By Circles Robinson
HAVANA TIMES, Oct. 17 – New Orleans Mayor Ray Nagin arrived in Cuba Friday to get a look at the island’s acclaimed civil defense system. His first visit to Cuba comes four years after Hurricane Katrina ravaged his city.
Ordinary US citizens are barred by their government from visiting the Caribbean island without special Treasury Dept. permission, but a growing number of officials have been visiting Cuba in recent weeks including State Department official Bisa Williams and New Mexico Governor Bill Richardson.
Nagin is traveling with a top level delegation that includes Louisiana Speaker of the House Pro Tem Karen Carter Peterson, New Orleans City Council member Cynthia Hedge-Morrell, Chief Administrative Officer Brenda Hatfield, Police Superintendent Warren Riley, Fire Superintendent Charles Parent, EMS Director Jullette Saussy, Director of Emergency Preparedness Lt. Col. Jerry Sneed, New Orleans Louis Armstrong International Airport Chairman Dan Packard, Regional Transit Authority Chairman Caesar Burgos and others, reported WWL-TV.com.

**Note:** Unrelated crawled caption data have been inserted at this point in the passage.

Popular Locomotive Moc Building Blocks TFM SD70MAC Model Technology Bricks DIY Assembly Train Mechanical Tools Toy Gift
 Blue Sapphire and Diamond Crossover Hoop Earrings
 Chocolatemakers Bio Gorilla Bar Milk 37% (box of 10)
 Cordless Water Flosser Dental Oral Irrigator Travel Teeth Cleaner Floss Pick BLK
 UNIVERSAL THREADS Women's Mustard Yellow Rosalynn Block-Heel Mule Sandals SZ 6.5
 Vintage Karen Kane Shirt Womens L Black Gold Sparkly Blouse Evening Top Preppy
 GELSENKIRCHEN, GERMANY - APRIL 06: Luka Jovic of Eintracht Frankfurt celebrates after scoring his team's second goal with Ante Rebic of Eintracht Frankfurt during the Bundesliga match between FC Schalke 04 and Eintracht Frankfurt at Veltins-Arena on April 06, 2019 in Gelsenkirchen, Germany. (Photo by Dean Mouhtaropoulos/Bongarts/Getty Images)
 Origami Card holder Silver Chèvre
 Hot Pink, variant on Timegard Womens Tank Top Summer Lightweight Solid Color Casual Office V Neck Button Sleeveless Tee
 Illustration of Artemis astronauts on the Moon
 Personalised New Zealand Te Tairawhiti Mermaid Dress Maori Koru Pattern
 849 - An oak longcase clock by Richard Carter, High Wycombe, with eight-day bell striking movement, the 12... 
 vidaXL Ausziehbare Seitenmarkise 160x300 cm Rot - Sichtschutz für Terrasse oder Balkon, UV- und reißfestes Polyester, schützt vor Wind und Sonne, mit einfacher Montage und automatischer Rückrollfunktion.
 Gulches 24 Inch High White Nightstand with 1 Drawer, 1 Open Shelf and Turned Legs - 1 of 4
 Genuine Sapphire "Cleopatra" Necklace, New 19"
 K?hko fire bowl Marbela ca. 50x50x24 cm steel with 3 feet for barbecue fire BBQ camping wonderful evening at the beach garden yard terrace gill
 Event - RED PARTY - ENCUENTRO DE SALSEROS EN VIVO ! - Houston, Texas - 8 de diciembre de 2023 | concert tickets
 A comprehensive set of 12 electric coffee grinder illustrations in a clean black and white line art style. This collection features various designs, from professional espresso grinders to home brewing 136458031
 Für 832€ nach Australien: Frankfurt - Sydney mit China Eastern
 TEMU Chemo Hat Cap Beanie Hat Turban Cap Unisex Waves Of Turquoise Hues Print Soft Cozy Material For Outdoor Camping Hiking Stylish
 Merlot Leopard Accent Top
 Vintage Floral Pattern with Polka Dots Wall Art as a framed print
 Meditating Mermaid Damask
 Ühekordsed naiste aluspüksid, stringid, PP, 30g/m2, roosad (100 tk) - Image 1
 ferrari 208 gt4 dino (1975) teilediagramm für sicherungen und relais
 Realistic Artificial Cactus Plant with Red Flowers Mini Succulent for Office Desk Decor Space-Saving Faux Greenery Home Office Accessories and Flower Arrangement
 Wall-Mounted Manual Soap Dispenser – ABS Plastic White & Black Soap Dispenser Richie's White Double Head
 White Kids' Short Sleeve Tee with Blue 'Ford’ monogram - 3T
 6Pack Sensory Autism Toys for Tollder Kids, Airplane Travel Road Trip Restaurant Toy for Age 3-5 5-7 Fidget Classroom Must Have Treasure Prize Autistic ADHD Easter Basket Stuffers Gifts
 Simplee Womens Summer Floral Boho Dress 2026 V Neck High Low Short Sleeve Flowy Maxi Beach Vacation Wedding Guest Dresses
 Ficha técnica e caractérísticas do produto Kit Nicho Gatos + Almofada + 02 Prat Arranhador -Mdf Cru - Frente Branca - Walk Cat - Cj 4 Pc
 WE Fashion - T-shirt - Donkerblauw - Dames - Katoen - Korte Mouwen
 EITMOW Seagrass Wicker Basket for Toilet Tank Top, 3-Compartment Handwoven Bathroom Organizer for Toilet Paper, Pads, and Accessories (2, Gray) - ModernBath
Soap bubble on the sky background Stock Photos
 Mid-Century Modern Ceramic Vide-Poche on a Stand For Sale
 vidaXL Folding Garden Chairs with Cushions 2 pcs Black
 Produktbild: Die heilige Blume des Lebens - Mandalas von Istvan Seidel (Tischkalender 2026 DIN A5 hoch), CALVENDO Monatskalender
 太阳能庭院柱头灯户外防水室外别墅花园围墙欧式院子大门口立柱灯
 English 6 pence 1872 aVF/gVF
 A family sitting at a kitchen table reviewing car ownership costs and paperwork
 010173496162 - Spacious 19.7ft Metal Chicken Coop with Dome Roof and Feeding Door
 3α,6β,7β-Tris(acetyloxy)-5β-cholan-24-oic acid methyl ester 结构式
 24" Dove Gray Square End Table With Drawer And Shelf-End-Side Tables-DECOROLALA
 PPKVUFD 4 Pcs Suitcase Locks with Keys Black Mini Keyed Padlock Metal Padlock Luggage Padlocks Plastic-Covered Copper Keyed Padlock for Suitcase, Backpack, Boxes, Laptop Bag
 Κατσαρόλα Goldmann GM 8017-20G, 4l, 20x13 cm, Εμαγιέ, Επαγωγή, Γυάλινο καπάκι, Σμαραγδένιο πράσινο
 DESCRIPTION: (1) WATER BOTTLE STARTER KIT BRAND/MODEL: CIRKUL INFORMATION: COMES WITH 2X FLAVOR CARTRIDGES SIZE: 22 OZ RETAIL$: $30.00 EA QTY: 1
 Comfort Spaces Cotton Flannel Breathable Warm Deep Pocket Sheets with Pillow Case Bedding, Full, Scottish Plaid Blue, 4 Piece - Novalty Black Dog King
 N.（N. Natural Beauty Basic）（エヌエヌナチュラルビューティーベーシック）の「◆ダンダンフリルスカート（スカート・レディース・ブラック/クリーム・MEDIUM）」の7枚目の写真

The New Orleans Mayor’s trip began the day after President Obama visited the jazz city. He becomes the first mayor of New Orleans to make an official visit to Cuba in the last 50 years. Information was scant and no mention made on whether Obama and Nagin discussed issues regarding US-Cuba policy.
While maintaining the nearly half-century economic blockade on Cuba and travel ban on US citizens, Obama has sent mixed signals on whether he would like to see rapprochement with Cuba.
The US is the only country in the Americas without diplomatic relations with Cuba. Likewise, its blockade on Cuba -recently extended for another year by Obama- has garnered near unanimous international rejection. The UN General Assembly will once again take up the Cuban resolution calling for an end to the blockade during the last week of October.
When Hurricane Katrina pounded the US Gulf Coast, Cuba assembled over fifteen hundred doctors with a stockpile of medicine within 48 hours and offered to send them free of charge to help mitigate the disaster. The Bush administration showed no interest in the offer from Fidel Castro.